UNITED STATES DISTRICT COURT WESTERN DISTRICT OF WASHINGTON AT SEATTLE
Apr 8, 2015
CASE NO. C14-1969 MJP (W.D. Wash. Apr. 8, 2015)

Opinion

CASE NO. C14-1969 MJP

04-08-2015

ROSEMARY HIBBLER, Plaintiff, v. VINCENT SEWELL, et al. Defendants.


ORDER GRANTING IN PART DEFENDANTS' MOTION TO DISMISS AND DISMISSING STATE LAW CLAIMS WITHOUT PREJUDICE

THIS MATTER comes before the Court on Defendants Vincent Sewell, Patricia Sewell, and Amelia Williams' Motion to Dismiss Plaintiff Rosemary Hibbler's claims against them with prejudice. (Dkt. No. 11.) Having reviewed the motion, and noted the absence of any opposition, the Court GRANTS Defendants' Motion to Dismiss as to Ms. Hibbler's federal trademark infringement claim. The Court declines to exercise jurisdiction over Ms. Hibbler's remaining state law claims against the moving Defendants and DISMISSES these claims without prejudice. The Court ORDERS Ms. Hibbler to show cause in writing within ten (10) days of the date of entry of this Order why the Court should not also dismiss her claims against Defendant Kenneth Moultry.

Background

Plaintiff Rosemary Hibbler filed this lawsuit against Defendants Vincent Sewell, Patricia Sewell, Amelia Williams, and Kenneth Moultry on December 29, 2014. (Dkt. No. 1.) Ms. Hibbler asserts the following claims against all of the Defendants: (1) federal trademark infringement; (2) state law trademark infringement; (3) state law trademark dilution; (4) violations of the Washington Consumer Protection Act (RCW 19.86.020); (5) slander and libel (RCW 9.58); and (6) blacklisting (RCW 49.44.010). (Dkt. No. 5 at 3.)

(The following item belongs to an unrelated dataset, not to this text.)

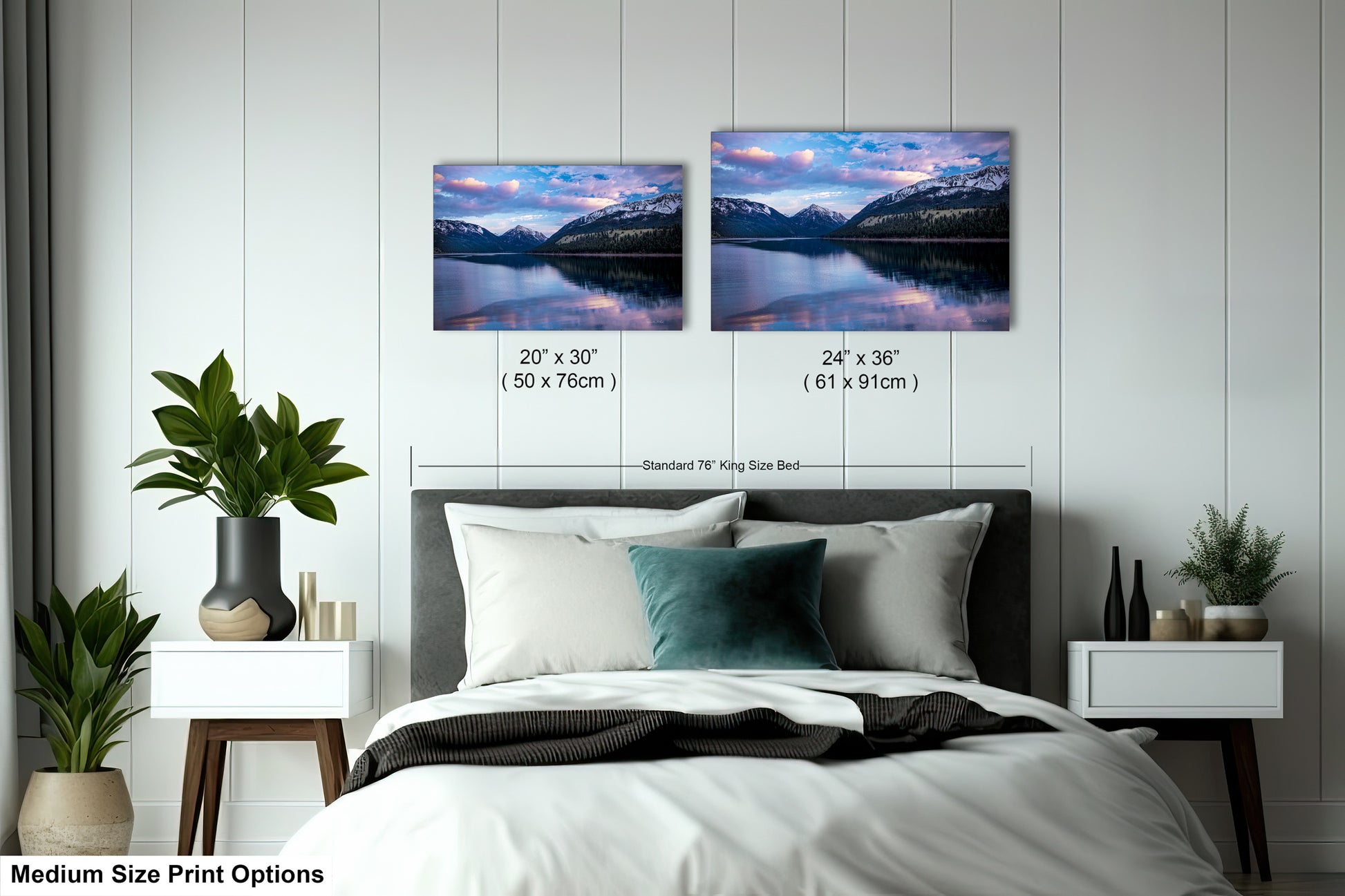 a bed room with a neatly made bed and two pictures on the wall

Ms. Hibbler alleges "[t]his is a civil action for trademark infringement, dilution, unfair competition, dilution by tarnishment under 15 U.S.C §1114 and 1125 (a), (c) and (d), state trademark dilution under Washington State Chapter 19.77 RCW, common law trademark infringement . . ." (Dkt. No. 5 at 3.) This language appears to be boilerplate. Because Ms. Hibbler alleges no facts that would support either a trademark dilution or unfair competition claim under the Lanham Act, the Court construes Ms. Hibbler's federal trademark claim as a claim for trademark infringement under the Lanham Act. The Court construes Ms. Hibbler's "common law trademark infringement" claim as a state law trademark infringement claim. See Toho Co. v. Sears, Roebuck & Co., 645 F.2d 788, 791 (9th Cir. 1981) (noting that "there is no federal common law of trademark infringement.")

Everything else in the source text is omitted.